● Activity: Omitting all pictures, print the lines of the listing from the one containing "Raytheon 7-pin miniature" through the final line, both ends included, with no other text.

● Exercise data:

────

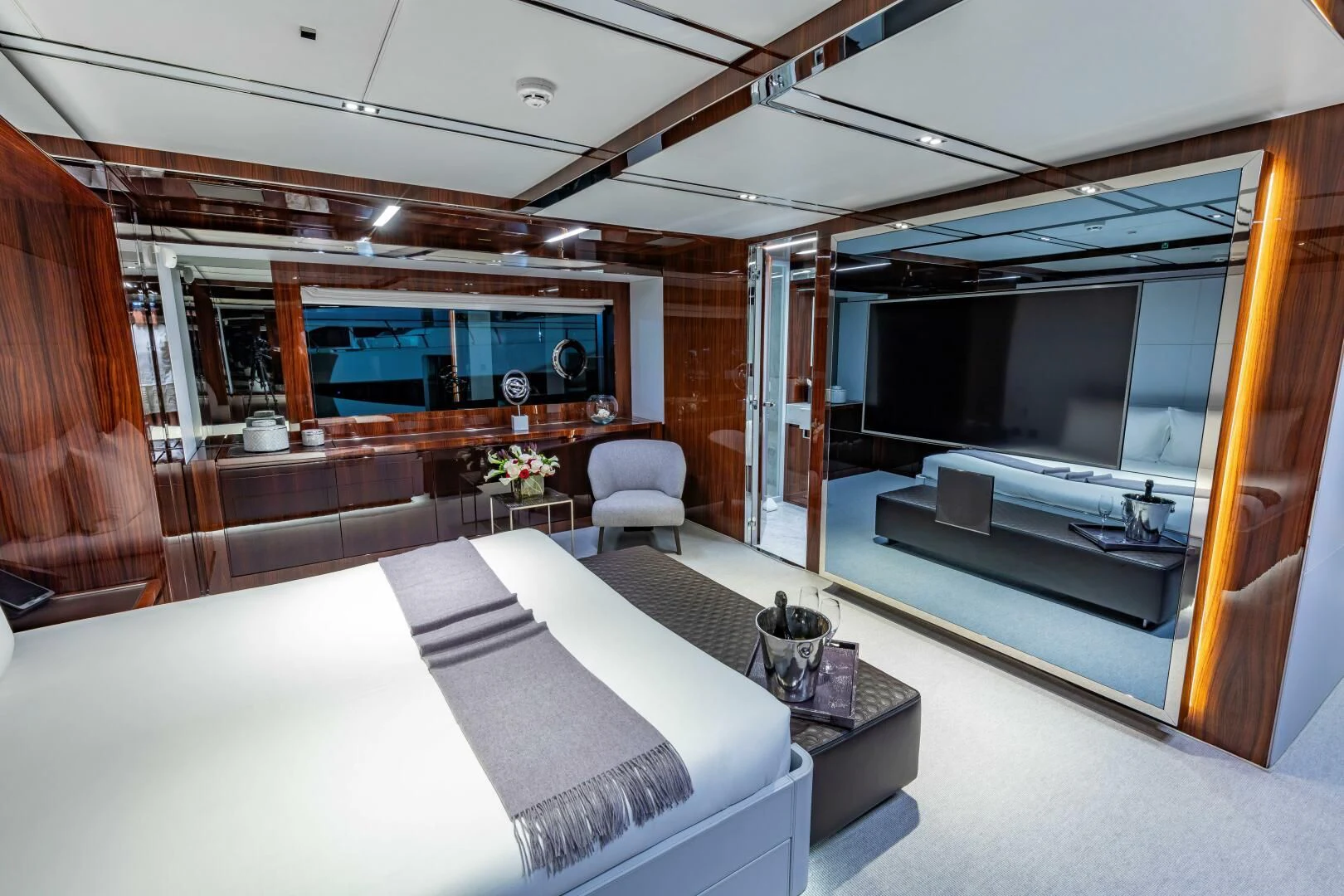 a room with a bed and a couch aboard NO SURRENDER Yacht for Sale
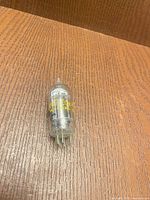 Raytheon 7-pin miniature vacuum tube front view showing yellow model print and pin base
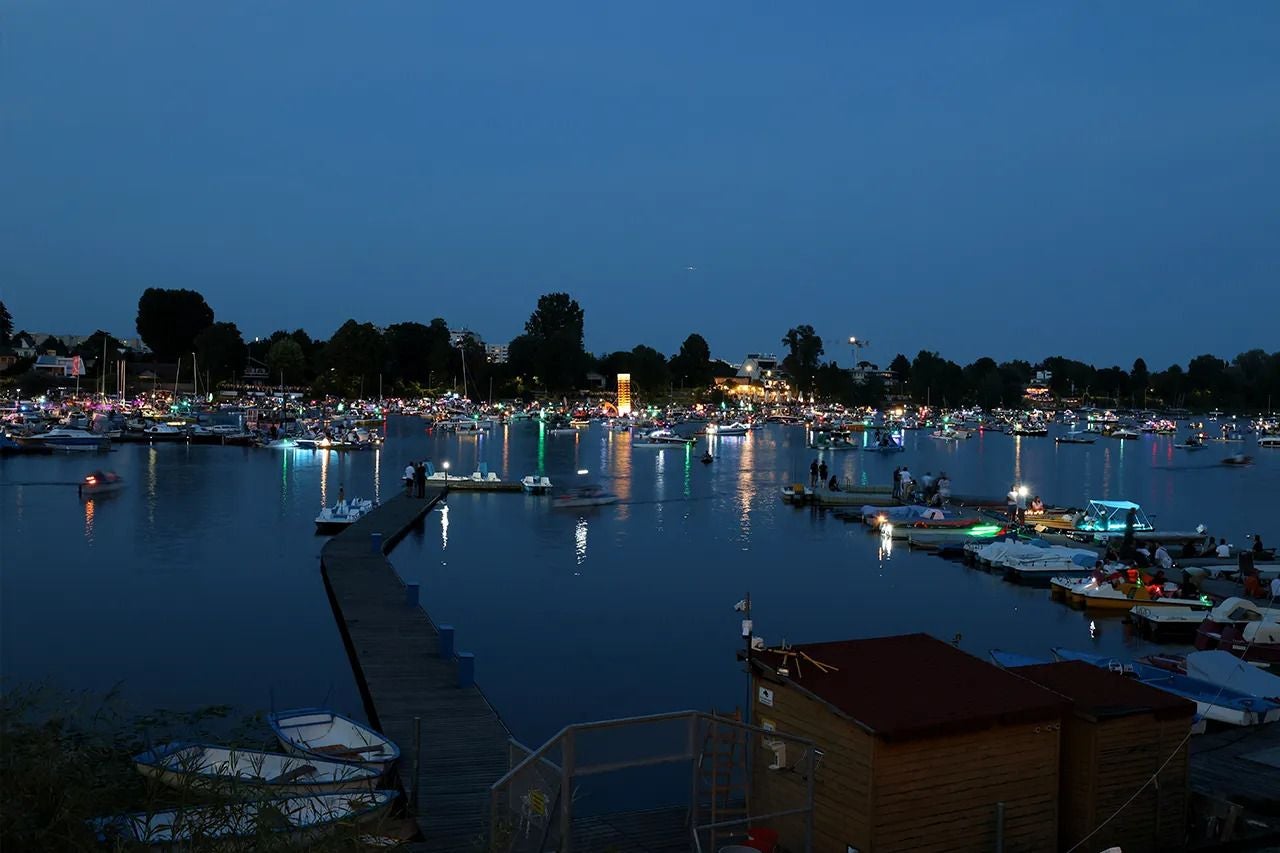 Viele beleuchtete Boote liegen abends an Stegen der Alten Donau, Menschen feiern am Ufer.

────

● Exercise answer:
 Raytheon 7-pin miniature vacuum tube front view showing yellow model print and pin base
 Viele beleuchtete Boote liegen abends an Stegen der Alten Donau, Menschen feiern am Ufer.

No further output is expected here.